Task objective » Among the entries that follow, locate the line with "د. الارياني أثناء" and the line with "(c)Mon Printemps". Output those lines and all lines in between, exactly, minus the pictures.

Provided material »
=-=-=

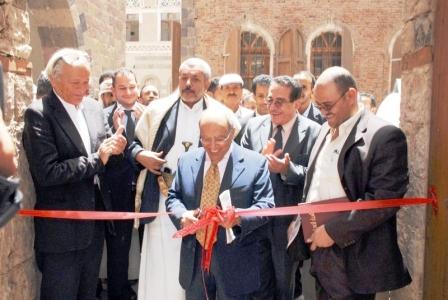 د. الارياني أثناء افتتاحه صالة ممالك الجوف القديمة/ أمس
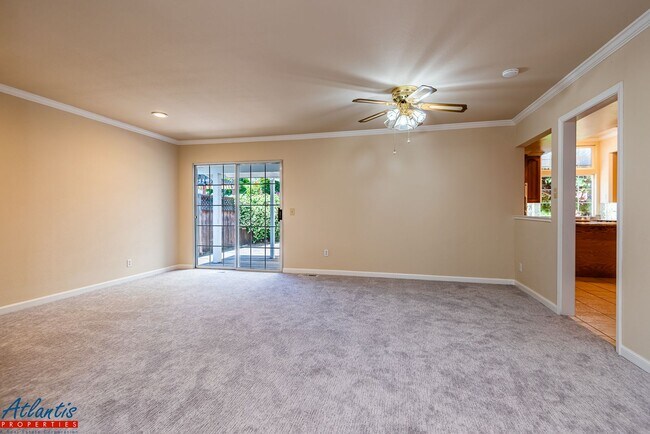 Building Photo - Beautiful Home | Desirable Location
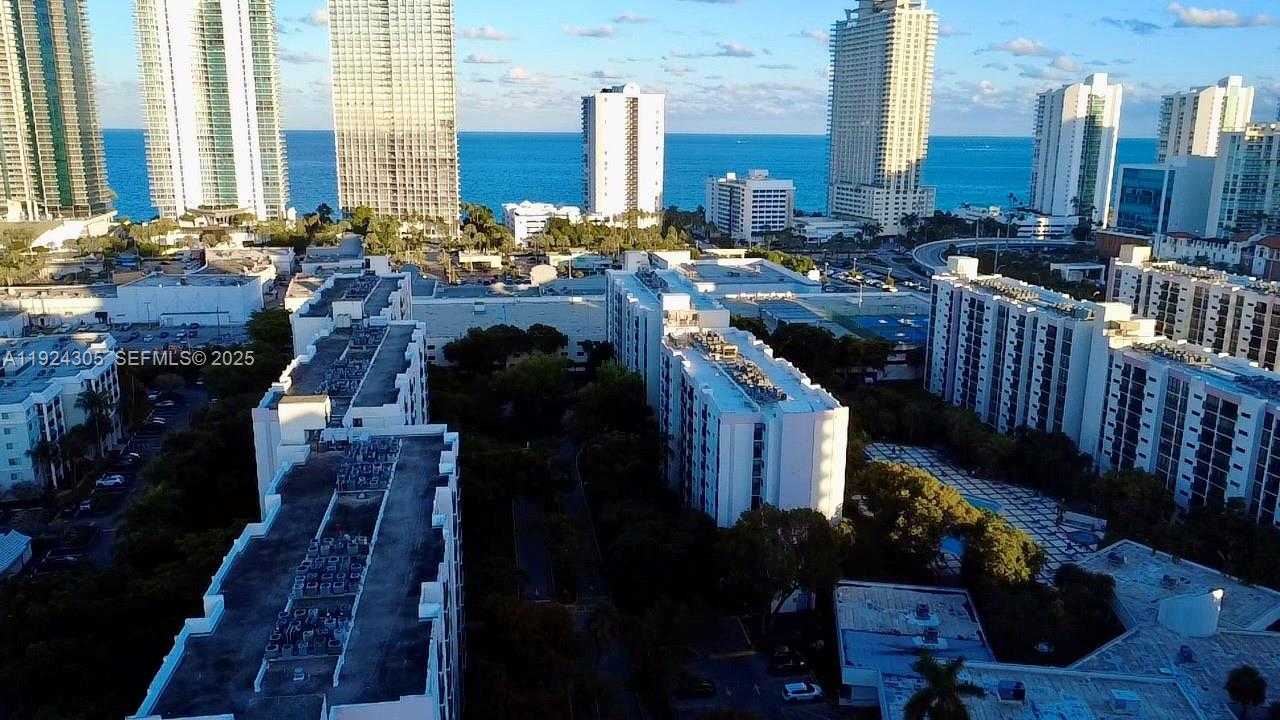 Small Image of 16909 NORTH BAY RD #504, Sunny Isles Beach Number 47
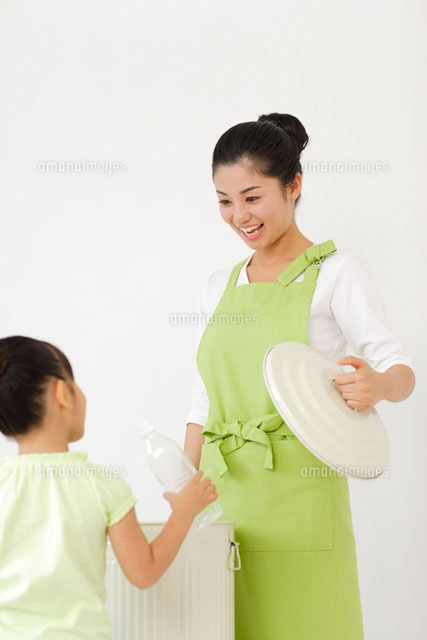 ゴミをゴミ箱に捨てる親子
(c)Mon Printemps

=-=-=

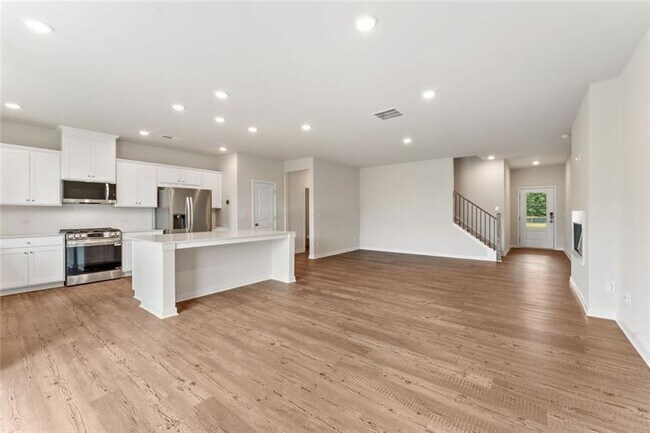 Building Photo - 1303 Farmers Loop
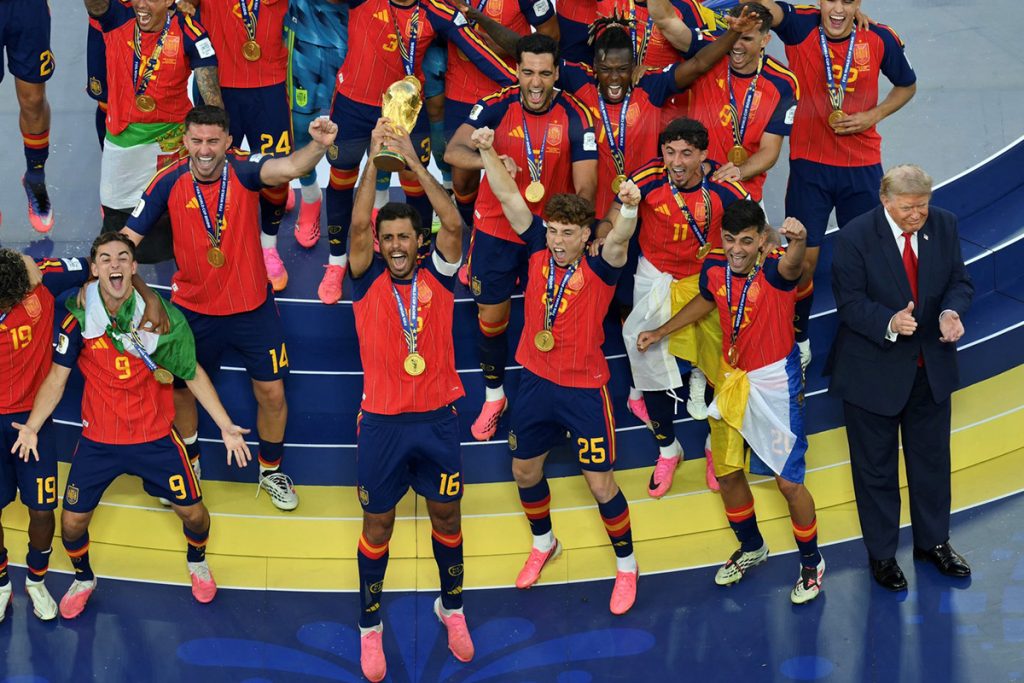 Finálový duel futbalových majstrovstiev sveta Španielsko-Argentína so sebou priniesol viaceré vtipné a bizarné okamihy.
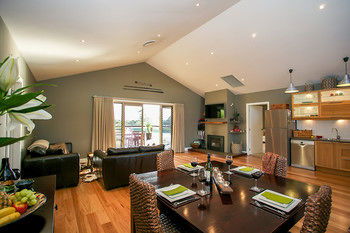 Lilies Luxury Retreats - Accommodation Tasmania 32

=-=-=

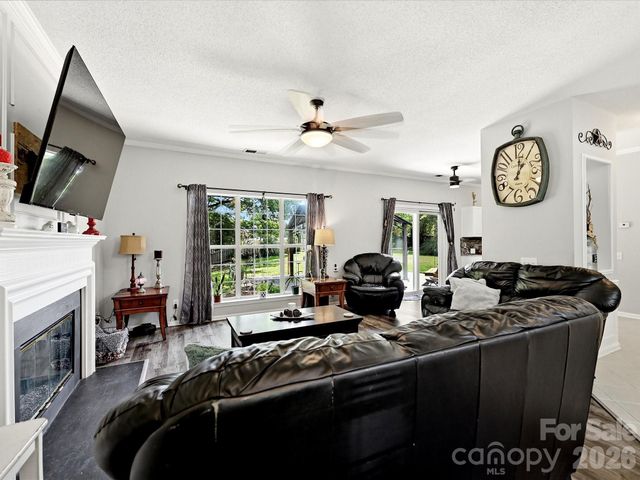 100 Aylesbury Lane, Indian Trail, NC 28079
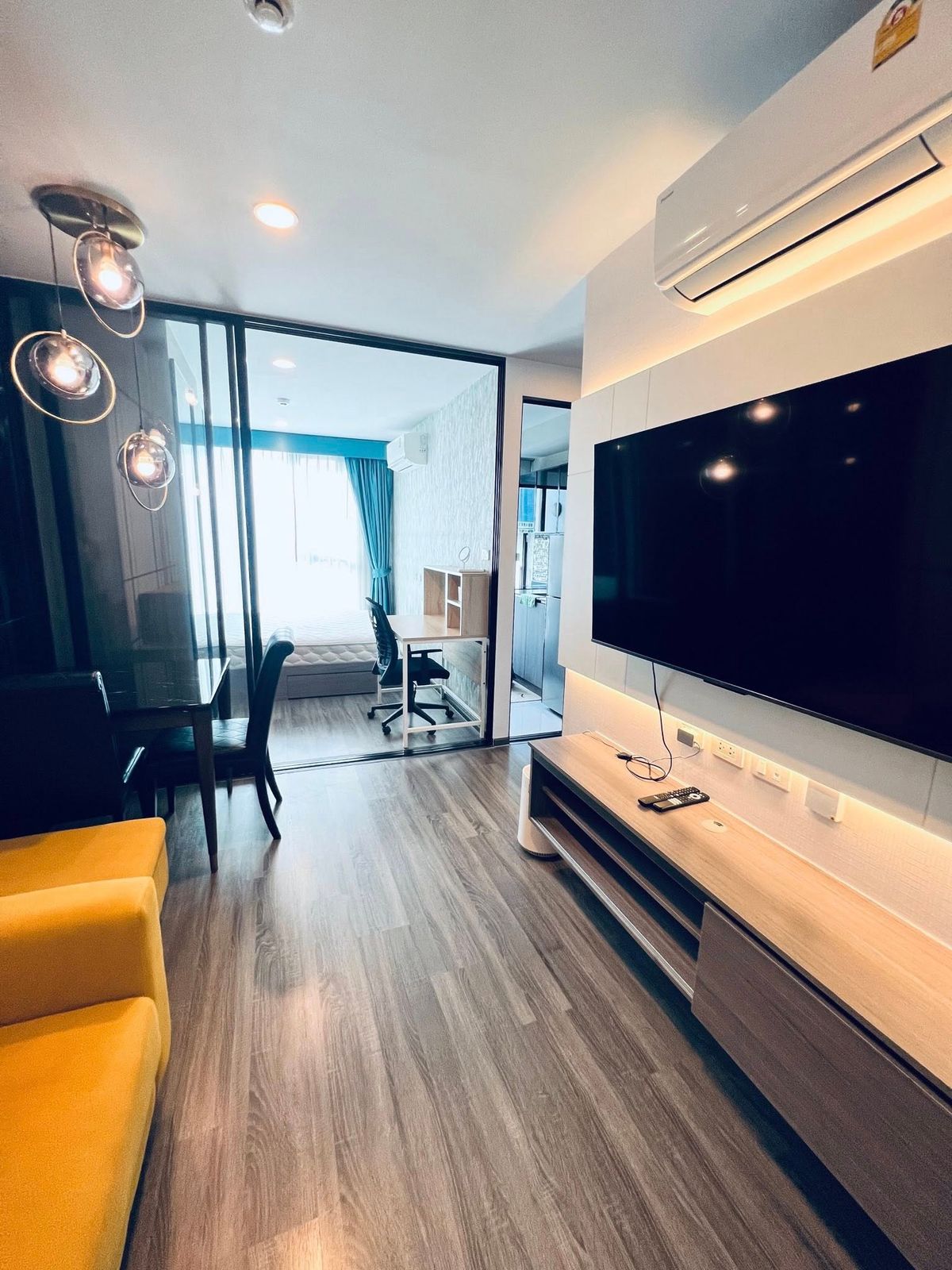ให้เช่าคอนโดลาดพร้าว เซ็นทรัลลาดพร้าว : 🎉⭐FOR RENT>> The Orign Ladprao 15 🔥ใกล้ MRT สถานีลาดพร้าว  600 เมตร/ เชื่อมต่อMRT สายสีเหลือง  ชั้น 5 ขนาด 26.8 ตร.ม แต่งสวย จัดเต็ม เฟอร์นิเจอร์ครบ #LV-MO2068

=-=-=

Answer section »
 د. الارياني أثناء افتتاحه صالة ممالك الجوف القديمة/ أمس
 Building Photo - Beautiful Home | Desirable Location
 Small Image of 16909 NORTH BAY RD #504, Sunny Isles Beach Number 47
 ゴミをゴミ箱に捨てる親子
(c)Mon Printemps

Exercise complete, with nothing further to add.